In his book, Dr. Cohen, the James G. March Professor of Organizational Studies in Education and Business and professor of psychology at Stanford University, provides evidence-based techniques to help forge connections, including what he calls “situation-crafting,” that can combat racism, enhance health and improve work performance.

“Situation-crafting is all about molding situations in a way that helps people feel like they belong, and thus helps them to bring out their collective best,” Cohen told moderator Marlina Duncan, EdD, vice chancellor for diversity and inclusion.

Cohen summarized one of his studies, an intervention he and colleagues did with college freshmen, that shows the benefit of situation-crafting.

In the study, college seniors told a group of freshmen that it’s normal to feel like they don’t belong in college and that it will get better. Cohen and colleagues found the GPA for the students of color who received those messages increased over time. By the time they left college, they had closed the achievement gap by about half. Cohen said this is just one example of why messages need to be tailored, targeted and timely.
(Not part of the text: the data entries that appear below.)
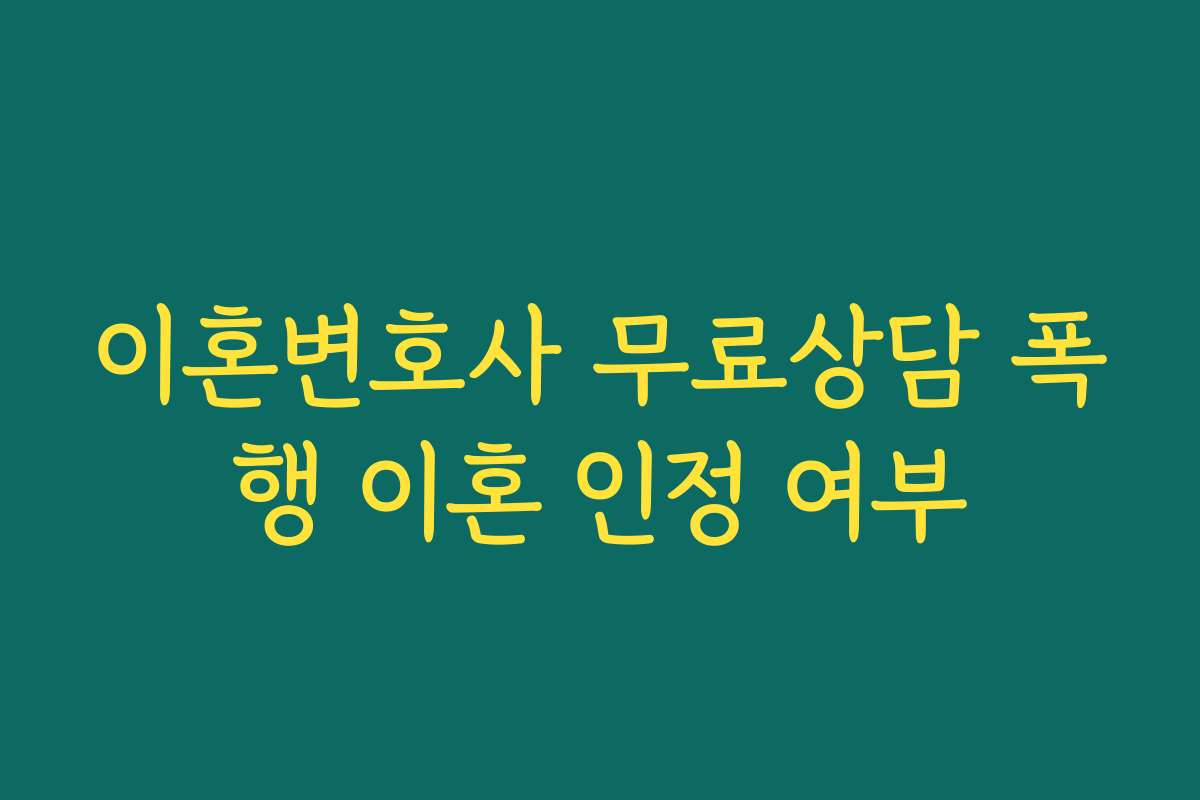 이혼변호사 무료상담 폭행 이혼 인정 여부 이혼변호사 무료상담 폭행 이혼 인정 여부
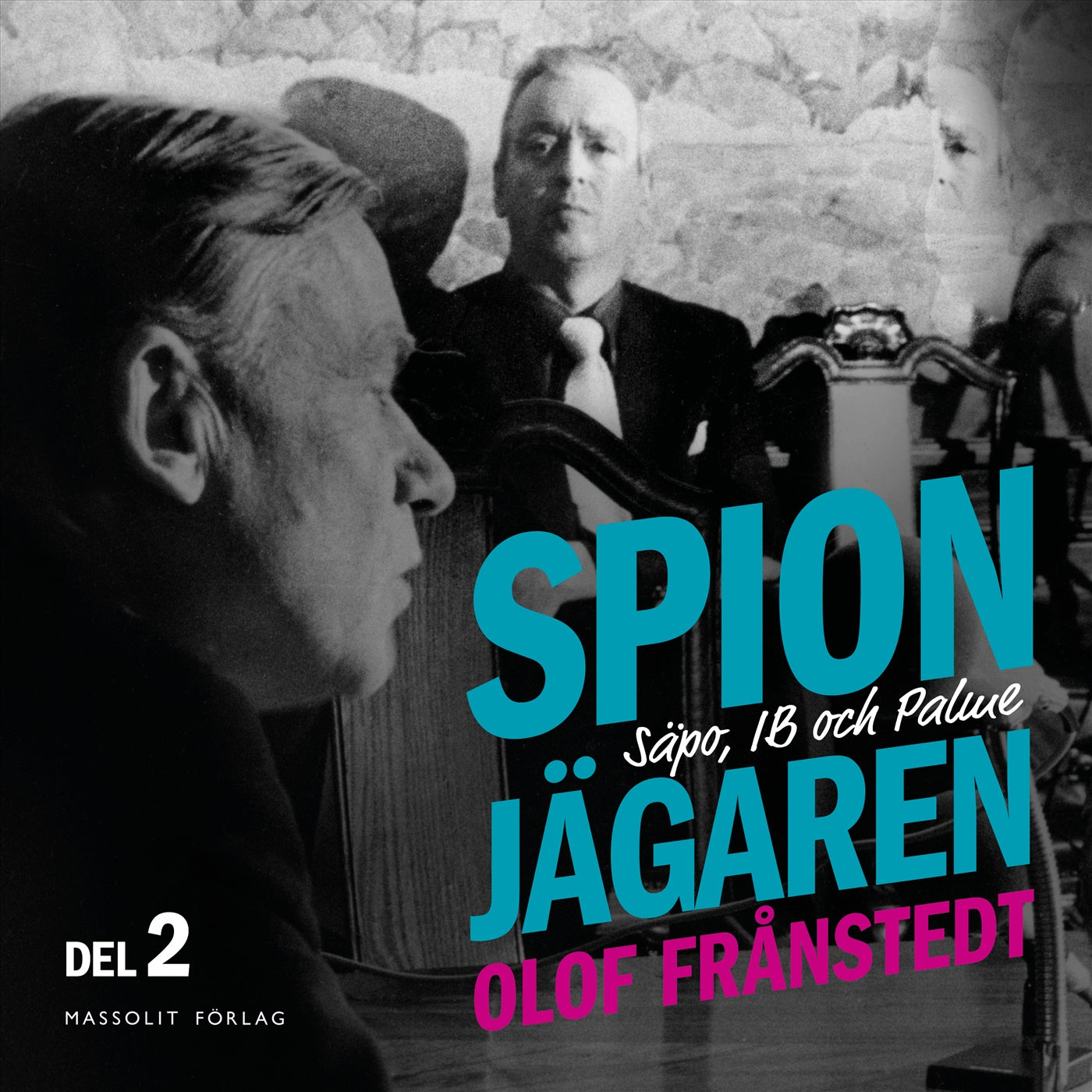 Spionjägaren. D. 2, Säpo, IB och Palme – Ljudbok
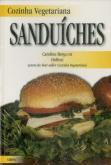 Cozinha Vegetariana: Sanduíches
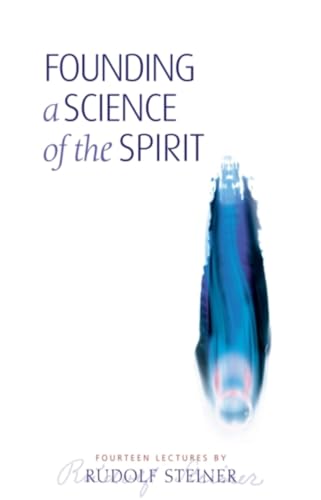Founding a Science of the Spirit: Fourteen Lectures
“At the time that we had conducted this research, a lot of people thought, ‘Oh, the problem with minority underachievement at college is that they feel insecure,’” Cohen said. “We found it’s about that sense of connection and the possibility of being excluded from constructive social relationships, so we tailored that experience to the specific concerns that the people that we want to help have.”

When Dr. Duncan asked Cohen to discuss the notion of stereotype threat, he described a study in which Black college students performed half as well as white students on a test framed as an IQ test that measured ability. When the test was framed as a puzzle, the results for both groups of students were almost the same.

“The stereotype that if I perform poorly, it’s going to confirm this negative stereotype about my race is no longer relevant,” Cohen explained. “The reality of stereotypes, racism and sexism creates a very different psychological experience for people who are trying to get a foothold in institutions and the workplace. When we’re trying to understand the experience of people we want to support, we need to understand that psychological situation.”

Chancellor Michael F. Collins encouraged attendees to consider how they can improve their own interactions, taking Cohen’s advice to pause and listen before responding.

“As we strive to be a more diverse and inclusive community, I think it really goes without saying that our world is deeply troubled by our inability to see beyond what separates us from each other,” Chancellor Collins said.